╔══
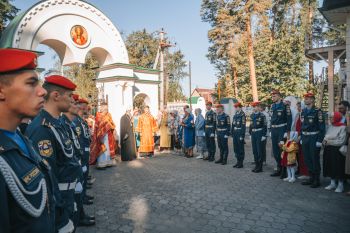 Курсанты института приняли участие в престольном празднике Курсанты института приняли участие в престольном празднике
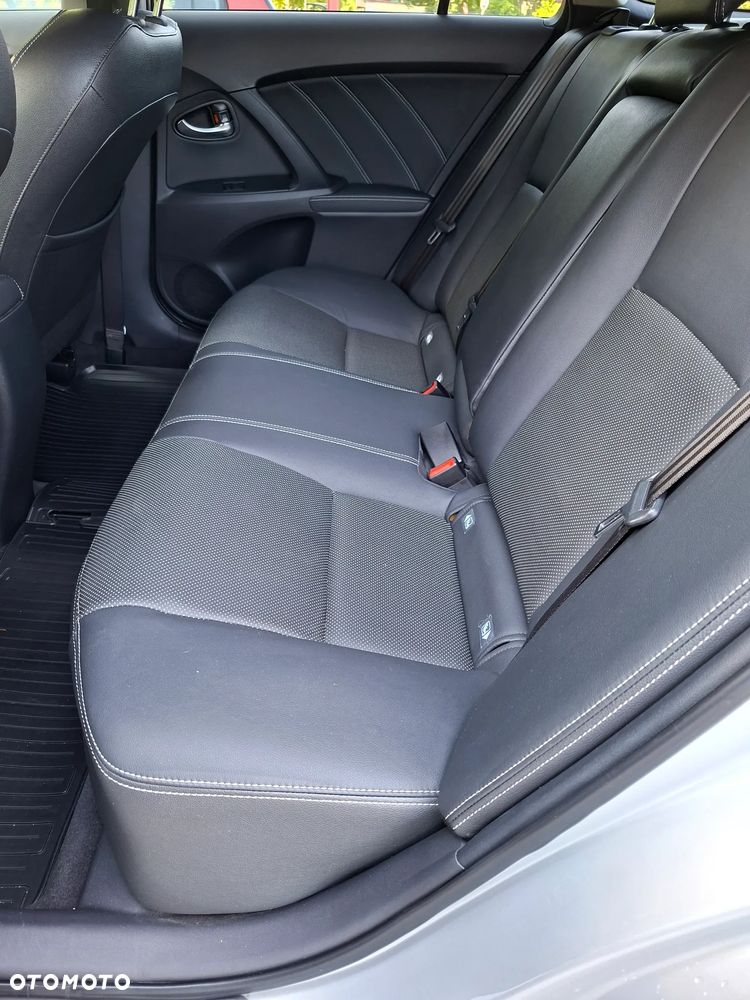 Toyota Avensis 1.8 Prestige - 12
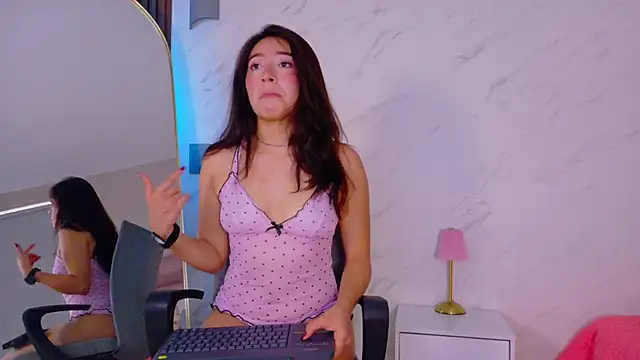 MiiaCullens online show from April 13, 3:35 pm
╚══
Set down the material above exactly as written, but not the pictures.

Reply:
 Курсанты института приняли участие в престольном празднике Курсанты института приняли участие в престольном празднике
 Toyota Avensis 1.8 Prestige - 12
 MiiaCullens online show from April 13, 3:35 pm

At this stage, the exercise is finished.